Lightning in the Glass
Eleanor sat on her porch swing, watching the rain gather in the old galvanized bucket she'd placed there for her roses. At 82, she still appreciated the simple patience of catching rainwater—something her grandchildren found endlessly curious.
"Grandma, why don't you just use the hose?" little Maya had asked last summer, giggling.
Eleanor had smiled, explaining that rainwater was softer, kinder to flowers. Some things couldn't be rushed.
Now, as storm clouds darkened the afternoon sky, her granddaughter Sarah sat beside her, explaining the new iPhone she'd insisted Eleanor accept. Eleanor's fingers fumbled over the smooth screen, foreign and slippery as water after a lifetime of buttons and dials.
"But why do I need this?" Eleanor asked gently. "My friends call on the telephone."
"So we can video chat, Grandma. So you can see the great-grandchildren in Chicago.
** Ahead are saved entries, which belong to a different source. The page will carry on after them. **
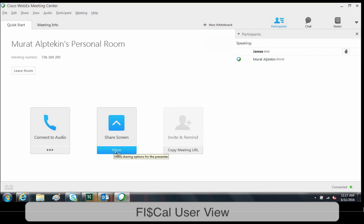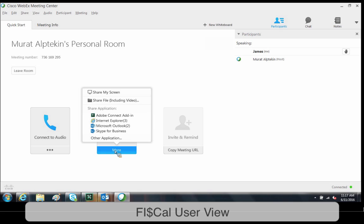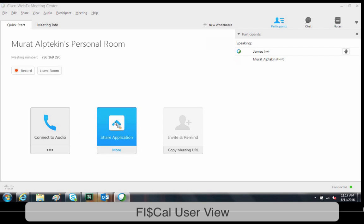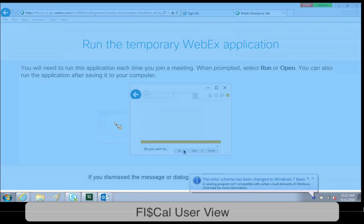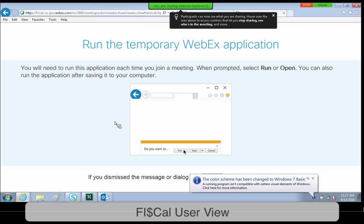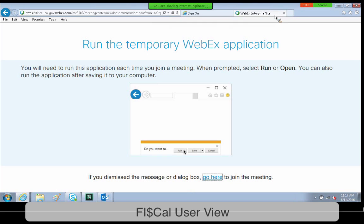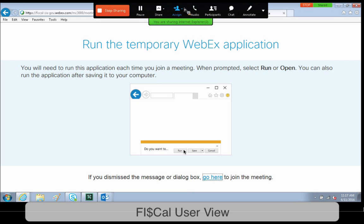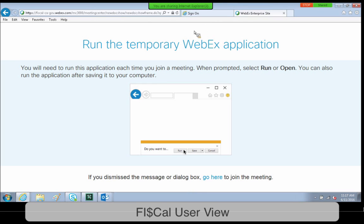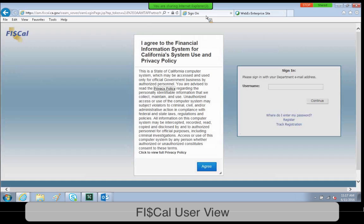After you have closed the audio box, you can select more, just below the share screen button. This will provide you options of what you would like to share with us. We recommend choosing just your web browser. For this demonstration, we will be using Internet Explorer. This means that we will only be able to see what is on your web browser tab, and not your desktop or any other application.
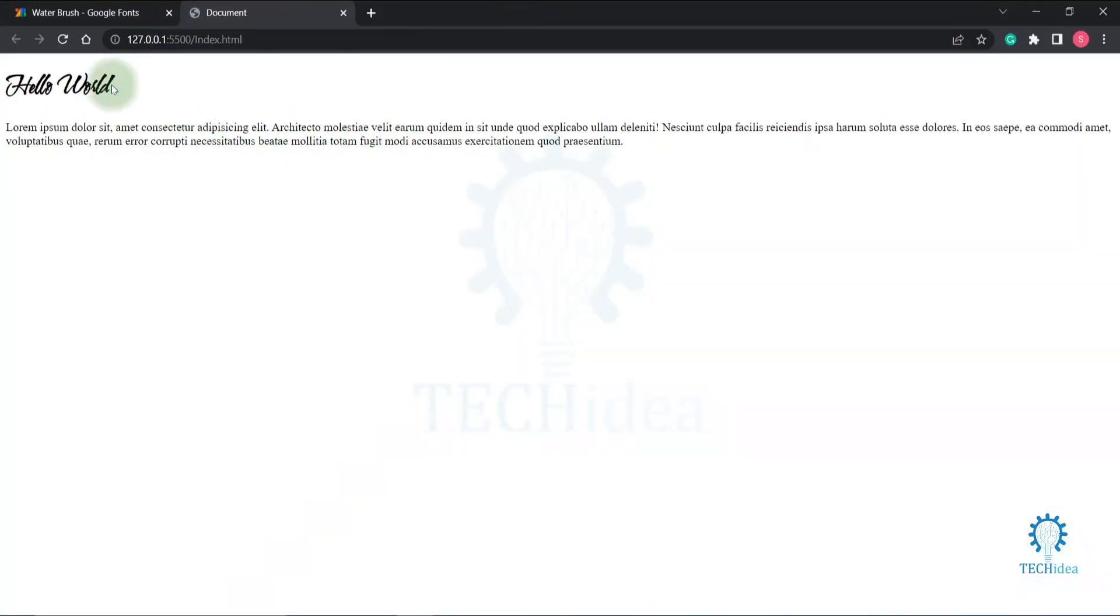font that I used. Here is the Water Brush font. So this is how you can use Google fonts in CSS.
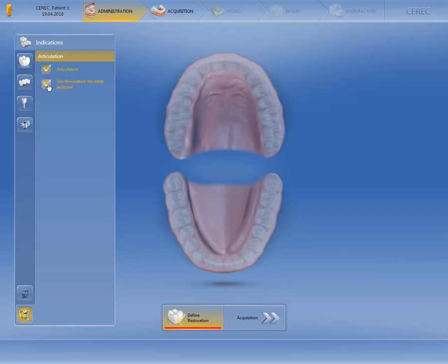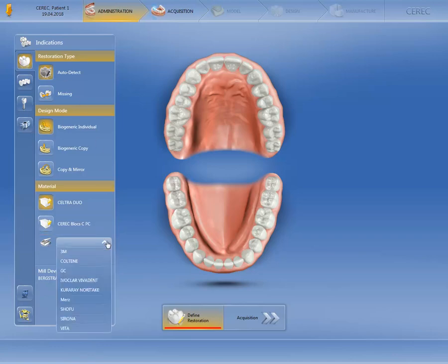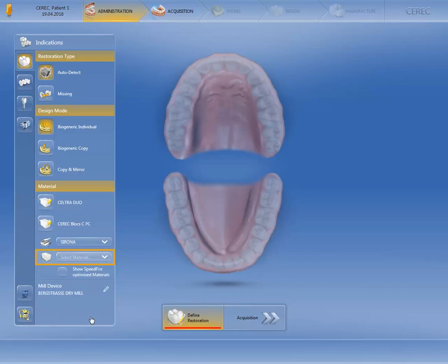For our case, we will deactivate both functions again and switch back to the Single Tooth Restoration indication. For demonstration purposes, let us select a new material. We open the drop-down menu, select the Material Manufacturer, and then the Material.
So you have the photos—"
Suddenly, lightning cracked across the horizon. The familiar thrill rushed through Eleanor—the same electricity she'd felt watching storms with her late husband, Henry, fifty years ago. They'd counted the seconds between flash and thunder, measuring distance like children learning to count backward.
"Remember how Henry would say 'That's the big one' whenever lightning lit up the whole sky?" Eleanor murmured.
Sarah's phone chimed. A notification: "Weather alert—storm approaching."
Eleanor looked at the device in her hand—this lightning-fast connection to family miles away. This glass rectangle that held photos like water held reflections. Her great-grandson's first steps. Sarah's wedding day. Henry's last Christmas, captured forever.
Perhaps, she realized, this wasn't so different from catching rainwater after all. Both were ways of gathering something precious, drop by drop, before it disappeared into the earth.
"Show me again," Eleanor said, how to use the camera. Sarah's eyes brightened like the lightning flashing beyond the treeline.
Outside, the first drops began to fall, soft and certain, onto Eleanor's waiting bucket. Inside, Eleanor began recording—catching time itself, one luminous moment at a time.